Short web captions
* * * * * * * * *

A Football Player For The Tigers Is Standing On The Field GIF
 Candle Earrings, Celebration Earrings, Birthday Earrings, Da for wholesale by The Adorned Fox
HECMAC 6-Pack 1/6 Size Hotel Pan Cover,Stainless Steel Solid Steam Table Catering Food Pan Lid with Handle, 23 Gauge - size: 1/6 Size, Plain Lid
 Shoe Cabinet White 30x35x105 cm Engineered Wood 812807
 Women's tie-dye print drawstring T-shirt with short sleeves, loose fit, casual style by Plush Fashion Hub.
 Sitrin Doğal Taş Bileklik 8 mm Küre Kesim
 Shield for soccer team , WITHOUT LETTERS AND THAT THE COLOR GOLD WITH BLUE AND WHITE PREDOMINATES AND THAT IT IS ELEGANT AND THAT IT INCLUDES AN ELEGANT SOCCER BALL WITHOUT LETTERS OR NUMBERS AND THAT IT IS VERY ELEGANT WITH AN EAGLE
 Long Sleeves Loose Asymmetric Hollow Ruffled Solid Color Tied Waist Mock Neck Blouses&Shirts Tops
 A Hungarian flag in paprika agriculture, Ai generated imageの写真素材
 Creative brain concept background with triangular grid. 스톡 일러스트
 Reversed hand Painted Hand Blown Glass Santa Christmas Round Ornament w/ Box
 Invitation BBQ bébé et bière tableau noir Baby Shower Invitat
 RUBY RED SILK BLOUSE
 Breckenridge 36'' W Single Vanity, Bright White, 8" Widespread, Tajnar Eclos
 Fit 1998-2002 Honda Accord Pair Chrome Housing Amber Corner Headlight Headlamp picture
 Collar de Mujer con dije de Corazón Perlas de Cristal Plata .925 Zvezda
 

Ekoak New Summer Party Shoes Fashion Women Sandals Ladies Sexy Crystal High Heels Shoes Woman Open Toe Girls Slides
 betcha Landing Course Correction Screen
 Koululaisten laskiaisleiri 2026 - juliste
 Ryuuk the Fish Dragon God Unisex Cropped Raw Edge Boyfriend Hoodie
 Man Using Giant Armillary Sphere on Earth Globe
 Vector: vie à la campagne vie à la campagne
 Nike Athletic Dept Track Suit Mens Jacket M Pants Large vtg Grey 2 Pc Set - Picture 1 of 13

* * * * * * * * *

§ **How to complete this task**
Without omitting anything, reproduce the whole of the data.

§ **Task answer**
A Football Player For The Tigers Is Standing On The Field GIF
 Candle Earrings, Celebration Earrings, Birthday Earrings, Da for wholesale by The Adorned Fox
HECMAC 6-Pack 1/6 Size Hotel Pan Cover,Stainless Steel Solid Steam Table Catering Food Pan Lid with Handle, 23 Gauge - size: 1/6 Size, Plain Lid
 Shoe Cabinet White 30x35x105 cm Engineered Wood 812807
 Women's tie-dye print drawstring T-shirt with short sleeves, loose fit, casual style by Plush Fashion Hub.
 Sitrin Doğal Taş Bileklik 8 mm Küre Kesim
 Shield for soccer team , WITHOUT LETTERS AND THAT THE COLOR GOLD WITH BLUE AND WHITE PREDOMINATES AND THAT IT IS ELEGANT AND THAT IT INCLUDES AN ELEGANT SOCCER BALL WITHOUT LETTERS OR NUMBERS AND THAT IT IS VERY ELEGANT WITH AN EAGLE
 Long Sleeves Loose Asymmetric Hollow Ruffled Solid Color Tied Waist Mock Neck Blouses&Shirts Tops
 A Hungarian flag in paprika agriculture, Ai generated imageの写真素材
 Creative brain concept background with triangular grid. 스톡 일러스트
 Reversed hand Painted Hand Blown Glass Santa Christmas Round Ornament w/ Box
 Invitation BBQ bébé et bière tableau noir Baby Shower Invitat
 RUBY RED SILK BLOUSE
 Breckenridge 36'' W Single Vanity, Bright White, 8" Widespread, Tajnar Eclos
 Fit 1998-2002 Honda Accord Pair Chrome Housing Amber Corner Headlight Headlamp picture
 Collar de Mujer con dije de Corazón Perlas de Cristal Plata .925 Zvezda
 

Ekoak New Summer Party Shoes Fashion Women Sandals Ladies Sexy Crystal High Heels Shoes Woman Open Toe Girls Slides
 betcha Landing Course Correction Screen
 Koululaisten laskiaisleiri 2026 - juliste
 Ryuuk the Fish Dragon God Unisex Cropped Raw Edge Boyfriend Hoodie
 Man Using Giant Armillary Sphere on Earth Globe
 Vector: vie à la campagne vie à la campagne
 Nike Athletic Dept Track Suit Mens Jacket M Pants Large vtg Grey 2 Pc Set - Picture 1 of 13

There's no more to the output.